**WHAT TO PRODUCE**
Your answer must repeat all of the entries word for word, without any images.

━━━

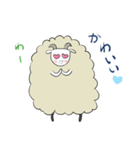ちびたと森のなかまひつじくん（個別スタンプ：8）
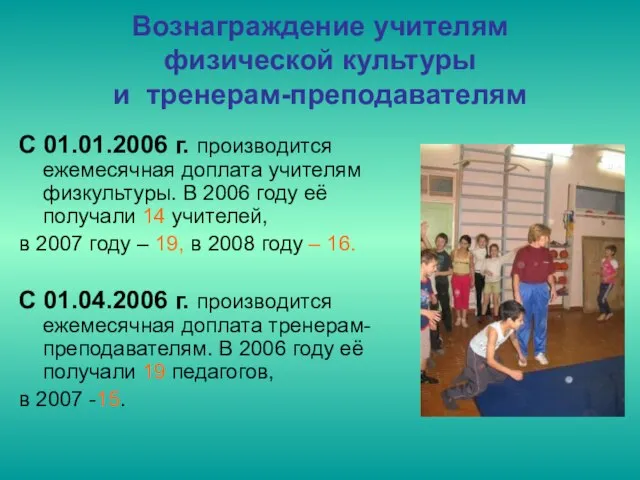 Вознаграждение учителям физической культуры и тренерам-преподавателям С 01.01.2006 г. производится ежемесячная доплата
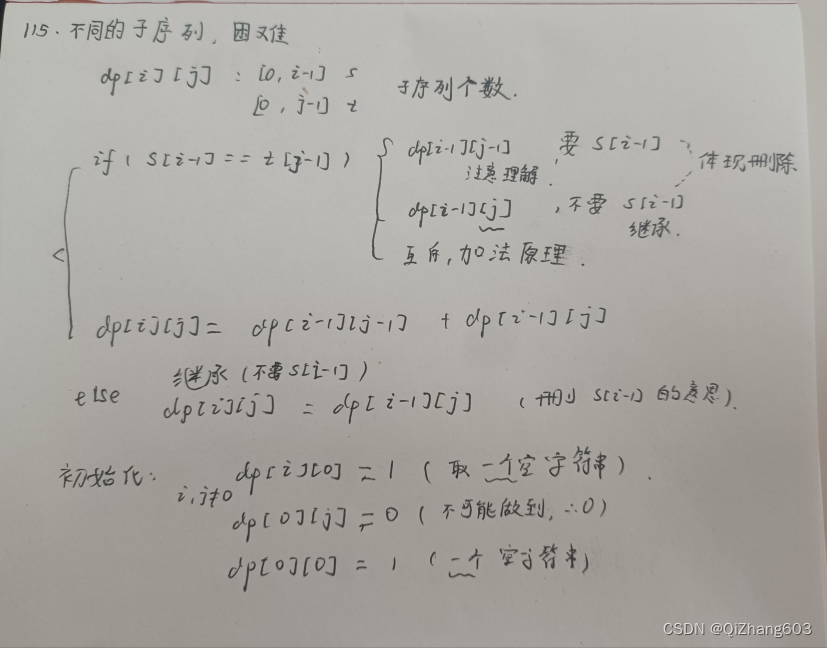 代码随想录算法训练营第36期DAY58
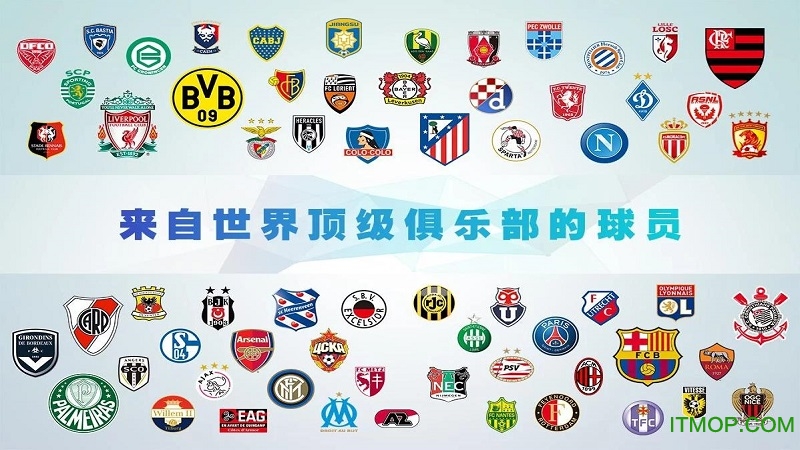 pes2017手机版破解版v0.1.0 安卓版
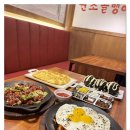 원조골뱅이 이미지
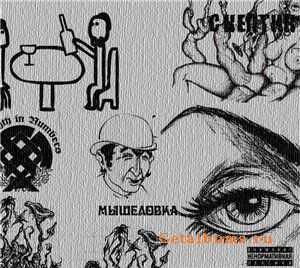Скептик - Мышеловка (LP) (2011) Скептик - Мышеловка (LP) (2011)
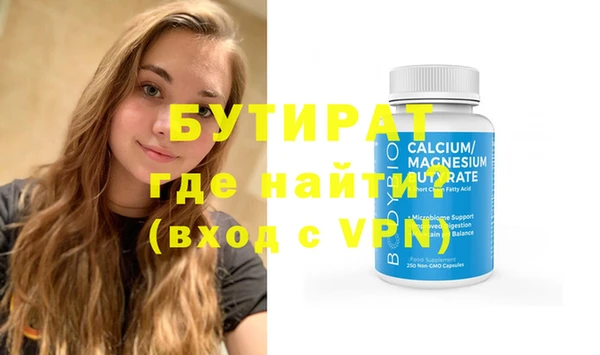 амф Богданович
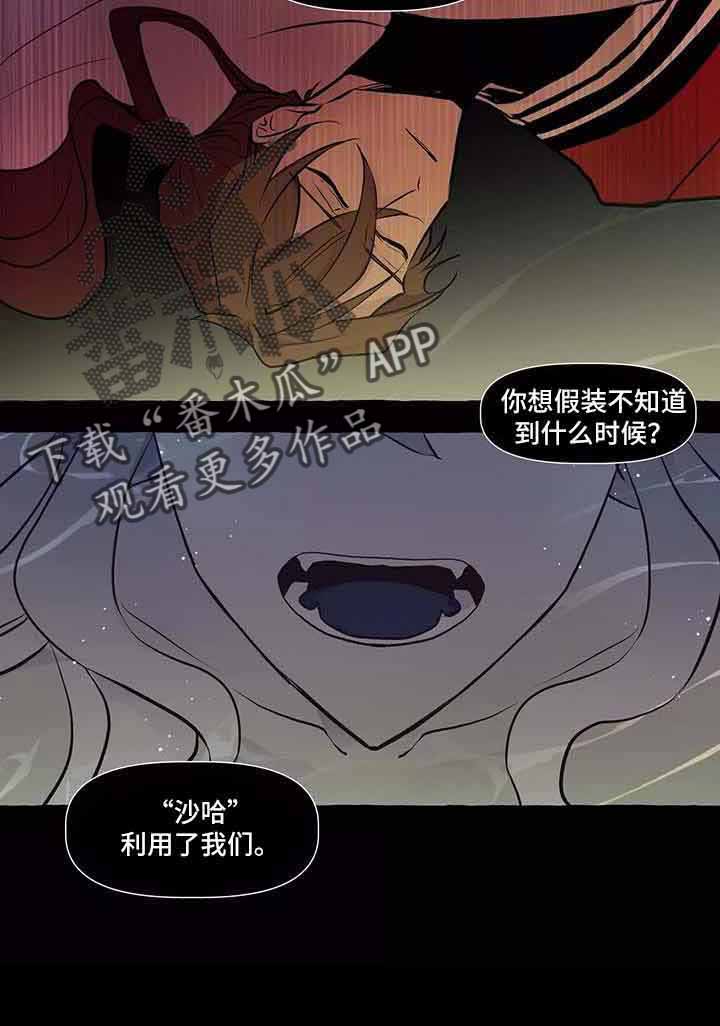 第64章：我的神9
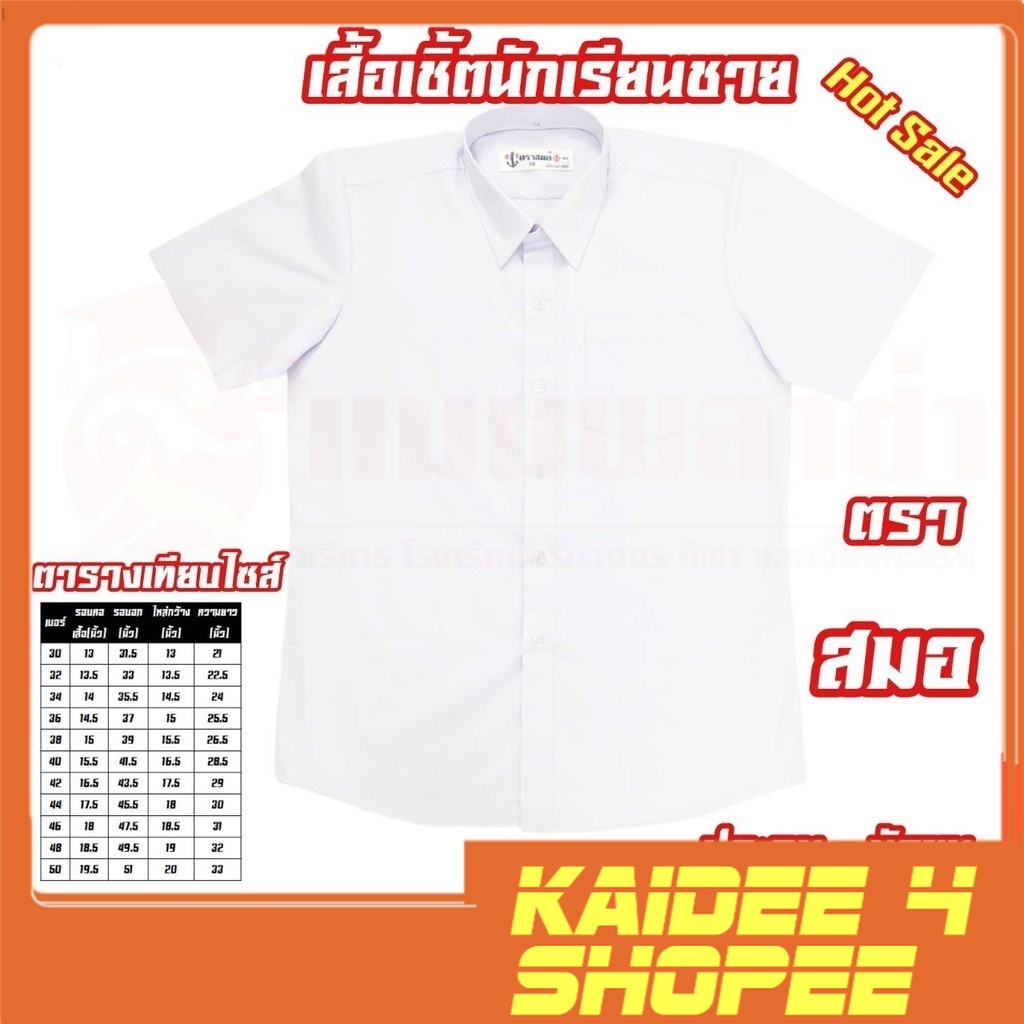 Kaidee4 เสื้อเชิ้ตนักเรียนชาย ตราสมอ สินค้าราคาถูก พร้อมส่ง!!!!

━━━

**ANSWER SECTION**
ちびたと森のなかまひつじくん（個別スタンプ：8）
 Вознаграждение учителям физической культуры и тренерам-преподавателям С 01.01.2006 г. производится ежемесячная доплата
 代码随想录算法训练营第36期DAY58
 pes2017手机版破解版v0.1.0 安卓版
 원조골뱅이 이미지
Скептик - Мышеловка (LP) (2011) Скептик - Мышеловка (LP) (2011)
 амф Богданович
 第64章：我的神9
 Kaidee4 เสื้อเชิ้ตนักเรียนชาย ตราสมอ สินค้าราคาถูก พร้อมส่ง!!!!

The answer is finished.